When the UOWLOGDA/UOWLOGTI fileds are blank then recycling the MQ server would remove the issue (the messages are non-persistent).
If however the UOWLOGDA/UOWLOGTI fields are non-blank then the queue manager will restore the transaction to exactly the same state following a queue manager restart (MQ has guaranteed to be able to commit these messages if asked to do so by WAS).
If recycling the QMgr did cause any transactions with a non-blank UOWLOGDA/UOWLOGTI to be resolved then that would imply the queue manager recycle had caused WAS and the QMgr to go through XA transaction resolution (This should be driven by WAS as transaction manager in this case). WAS should NOT require a queue manager restart for this to occur, after the failure that left the transaction indoubt WAS should automatically have driven the XA reconnect logic when communications were next re-established between the QMgr and WAS.

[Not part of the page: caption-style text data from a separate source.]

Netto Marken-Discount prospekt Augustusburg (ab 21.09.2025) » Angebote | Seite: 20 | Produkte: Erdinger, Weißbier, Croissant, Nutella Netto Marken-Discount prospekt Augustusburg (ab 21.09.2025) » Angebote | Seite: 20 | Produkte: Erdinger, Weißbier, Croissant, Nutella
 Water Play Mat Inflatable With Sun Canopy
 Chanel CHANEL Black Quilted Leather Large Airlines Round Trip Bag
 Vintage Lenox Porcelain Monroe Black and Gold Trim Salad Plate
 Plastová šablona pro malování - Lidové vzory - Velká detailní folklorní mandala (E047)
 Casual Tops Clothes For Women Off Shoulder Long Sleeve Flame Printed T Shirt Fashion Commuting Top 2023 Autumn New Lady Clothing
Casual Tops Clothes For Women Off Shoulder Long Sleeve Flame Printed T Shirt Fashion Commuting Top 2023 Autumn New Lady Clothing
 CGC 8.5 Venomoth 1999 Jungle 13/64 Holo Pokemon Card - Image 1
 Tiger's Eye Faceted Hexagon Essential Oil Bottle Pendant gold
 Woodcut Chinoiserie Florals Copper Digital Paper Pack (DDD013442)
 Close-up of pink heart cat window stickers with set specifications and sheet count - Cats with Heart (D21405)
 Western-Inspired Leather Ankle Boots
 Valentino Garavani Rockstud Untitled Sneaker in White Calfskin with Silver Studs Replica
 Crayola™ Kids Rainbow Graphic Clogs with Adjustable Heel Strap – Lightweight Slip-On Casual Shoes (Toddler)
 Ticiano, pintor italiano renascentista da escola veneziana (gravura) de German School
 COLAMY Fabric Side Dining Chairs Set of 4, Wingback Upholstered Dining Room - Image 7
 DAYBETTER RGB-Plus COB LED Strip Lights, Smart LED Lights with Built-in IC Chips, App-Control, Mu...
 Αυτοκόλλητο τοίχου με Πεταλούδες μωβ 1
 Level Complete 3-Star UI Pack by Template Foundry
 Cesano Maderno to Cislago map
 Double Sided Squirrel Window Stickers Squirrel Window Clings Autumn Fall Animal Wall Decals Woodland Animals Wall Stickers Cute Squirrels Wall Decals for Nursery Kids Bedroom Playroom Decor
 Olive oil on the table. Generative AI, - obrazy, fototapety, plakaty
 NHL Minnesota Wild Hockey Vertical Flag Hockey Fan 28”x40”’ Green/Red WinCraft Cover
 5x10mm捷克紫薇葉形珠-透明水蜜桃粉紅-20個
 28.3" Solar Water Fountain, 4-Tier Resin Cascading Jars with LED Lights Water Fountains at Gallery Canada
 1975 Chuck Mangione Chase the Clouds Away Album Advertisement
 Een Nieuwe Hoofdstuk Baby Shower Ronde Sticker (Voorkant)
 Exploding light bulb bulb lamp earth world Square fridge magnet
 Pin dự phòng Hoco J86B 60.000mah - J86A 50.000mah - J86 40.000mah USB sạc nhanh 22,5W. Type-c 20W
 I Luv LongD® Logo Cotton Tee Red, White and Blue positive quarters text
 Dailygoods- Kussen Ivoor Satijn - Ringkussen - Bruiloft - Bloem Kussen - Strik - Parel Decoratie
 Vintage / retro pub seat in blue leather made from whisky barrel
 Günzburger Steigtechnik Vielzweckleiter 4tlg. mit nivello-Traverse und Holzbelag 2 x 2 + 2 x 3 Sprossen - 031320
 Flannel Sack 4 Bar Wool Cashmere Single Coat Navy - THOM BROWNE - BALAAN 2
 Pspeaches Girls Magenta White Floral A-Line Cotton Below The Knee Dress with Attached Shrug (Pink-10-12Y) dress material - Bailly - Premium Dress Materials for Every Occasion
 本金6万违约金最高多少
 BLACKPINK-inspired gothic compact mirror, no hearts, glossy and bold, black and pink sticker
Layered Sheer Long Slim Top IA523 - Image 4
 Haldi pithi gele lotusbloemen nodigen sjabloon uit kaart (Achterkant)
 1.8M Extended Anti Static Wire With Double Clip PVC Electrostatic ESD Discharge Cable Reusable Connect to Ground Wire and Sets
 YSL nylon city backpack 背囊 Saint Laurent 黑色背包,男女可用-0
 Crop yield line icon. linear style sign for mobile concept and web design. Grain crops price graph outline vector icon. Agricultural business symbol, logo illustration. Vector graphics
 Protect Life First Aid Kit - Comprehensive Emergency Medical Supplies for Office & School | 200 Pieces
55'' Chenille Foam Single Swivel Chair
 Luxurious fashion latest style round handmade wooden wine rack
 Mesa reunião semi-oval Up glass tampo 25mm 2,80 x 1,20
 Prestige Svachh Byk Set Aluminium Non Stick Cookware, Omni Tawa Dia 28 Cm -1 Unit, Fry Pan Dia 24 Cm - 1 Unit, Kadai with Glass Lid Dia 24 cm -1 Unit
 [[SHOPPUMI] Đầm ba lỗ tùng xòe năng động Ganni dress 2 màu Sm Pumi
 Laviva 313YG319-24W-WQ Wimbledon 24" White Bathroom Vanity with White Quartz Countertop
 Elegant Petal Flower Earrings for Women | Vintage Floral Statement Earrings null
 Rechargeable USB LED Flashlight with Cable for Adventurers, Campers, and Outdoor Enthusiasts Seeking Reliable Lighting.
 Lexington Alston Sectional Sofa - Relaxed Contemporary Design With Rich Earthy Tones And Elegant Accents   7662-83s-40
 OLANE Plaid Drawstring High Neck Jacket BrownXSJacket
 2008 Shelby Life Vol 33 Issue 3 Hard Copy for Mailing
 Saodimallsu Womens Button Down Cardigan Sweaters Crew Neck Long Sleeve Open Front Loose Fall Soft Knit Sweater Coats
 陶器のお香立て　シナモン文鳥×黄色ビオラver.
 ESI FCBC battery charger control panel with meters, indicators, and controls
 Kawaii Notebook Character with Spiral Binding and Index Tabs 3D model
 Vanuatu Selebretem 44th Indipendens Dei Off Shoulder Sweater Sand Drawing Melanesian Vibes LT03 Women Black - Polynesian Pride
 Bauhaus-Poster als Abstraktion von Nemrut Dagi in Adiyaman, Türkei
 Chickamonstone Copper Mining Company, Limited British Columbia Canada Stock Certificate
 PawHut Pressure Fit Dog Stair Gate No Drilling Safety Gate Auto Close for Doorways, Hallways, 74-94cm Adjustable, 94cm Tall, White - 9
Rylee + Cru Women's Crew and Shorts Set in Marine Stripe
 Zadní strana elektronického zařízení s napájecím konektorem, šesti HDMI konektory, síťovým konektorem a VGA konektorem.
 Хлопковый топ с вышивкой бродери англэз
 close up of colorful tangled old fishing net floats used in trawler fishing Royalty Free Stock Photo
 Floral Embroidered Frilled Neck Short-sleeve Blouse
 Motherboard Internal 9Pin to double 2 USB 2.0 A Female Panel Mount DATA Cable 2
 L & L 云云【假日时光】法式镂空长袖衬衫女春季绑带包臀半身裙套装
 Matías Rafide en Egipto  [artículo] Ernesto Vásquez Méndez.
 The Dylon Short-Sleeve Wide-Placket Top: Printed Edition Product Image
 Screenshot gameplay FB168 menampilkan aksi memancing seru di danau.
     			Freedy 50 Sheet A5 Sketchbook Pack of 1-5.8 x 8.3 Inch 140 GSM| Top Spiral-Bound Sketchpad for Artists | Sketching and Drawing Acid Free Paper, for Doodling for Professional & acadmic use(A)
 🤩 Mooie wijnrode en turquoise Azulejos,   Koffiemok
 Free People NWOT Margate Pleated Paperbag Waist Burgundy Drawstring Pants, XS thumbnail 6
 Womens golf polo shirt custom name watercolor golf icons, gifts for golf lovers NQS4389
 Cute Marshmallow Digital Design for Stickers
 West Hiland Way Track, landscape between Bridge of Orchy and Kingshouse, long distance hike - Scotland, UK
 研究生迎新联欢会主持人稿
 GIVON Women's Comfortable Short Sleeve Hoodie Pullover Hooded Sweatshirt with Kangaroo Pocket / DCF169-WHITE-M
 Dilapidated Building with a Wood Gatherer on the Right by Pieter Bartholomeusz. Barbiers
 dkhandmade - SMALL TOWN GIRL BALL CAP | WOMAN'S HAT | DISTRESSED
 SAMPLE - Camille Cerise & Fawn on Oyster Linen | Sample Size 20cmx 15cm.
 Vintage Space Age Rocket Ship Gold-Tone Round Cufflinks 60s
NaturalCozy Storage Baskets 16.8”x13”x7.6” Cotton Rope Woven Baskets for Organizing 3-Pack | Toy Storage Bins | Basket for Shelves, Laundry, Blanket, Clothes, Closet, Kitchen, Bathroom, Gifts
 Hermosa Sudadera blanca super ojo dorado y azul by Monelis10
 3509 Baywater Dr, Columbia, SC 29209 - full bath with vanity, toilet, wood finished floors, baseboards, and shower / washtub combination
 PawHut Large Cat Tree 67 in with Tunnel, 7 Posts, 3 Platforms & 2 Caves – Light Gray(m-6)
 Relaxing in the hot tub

Manually resolving the transaction risks effectively duplicating, or losing a message. As discussed earlier, in the case of a non-persistent message there is always a chance of losing the message (and it would be pretty unusual to use a 2 phase transaction o coordinate putting a NP message). In the case of a persistent message it seems like a really bad idea to manually resolve a transaction without understanding exactly what went wrong to leave the prepared transaction. You should probably take this up with WAS support.
Original Message:
Sent: Wed March 08, 2023 06:30 AM
From: Sebastian Wilk
Subject: Uncomitted Messages on CLUSTER.TRANSMIT - How to find the cause
I'd much rather not dig that deep into the bits and bytes to figure out the culprit. The WAS logs sound like a good starting point, I will poke my colleagues whenever we get a more recent occurence.
And that's what I meant with the messages aren't going anywhere: they will stay there until we resolve them manually or bounce the queuemanager/server.
------------------------------
Sebastian Wilk
Original Message:
Sent: Wed March 08, 2023 04:02 AM
From: Andrew Hickson
Subject: Uncomitted Messages on CLUSTER.TRANSMIT - How to find the cause
A prepared transaction that has written to the log will certainly have been hardened to disk, either (or both) the recovery log, or the queue file for SCTQ.
Depending on whether you are using linear or circular logging, and how much time and work has passed since the transaction was processed you could find the data on disk with a combination of dmpmqlog and perhaps a hexdump dump of the queue file. However this is a non-trivial task and you might be better off looking in your WAS logs at around the time reported in the UOWLOGTI/UOWLOGDA fields for signs of any errors before attempting to find the message data on disk.
The messages CANNOT "go anywhere" until the transaction manager (WAS) has told the queue manager whether to commit or backout the prepared transaction (or you force the issue by manually resolving the transaction).
I would expect WAS support to be able to help you identify the WAS instance suffering the failure from the XA transaction Id.
------------------------------
Andrew Hickson
Original Message:
Sent: Wed March 08, 2023 01:26 AM
From: Sebastian Wilk
Subject: Uncomitted Messages on CLUSTER.TRANSMIT - How to find the cause
Hey Andrew,
at least we can narrow it down to WAS at this point, while not much, it's a start.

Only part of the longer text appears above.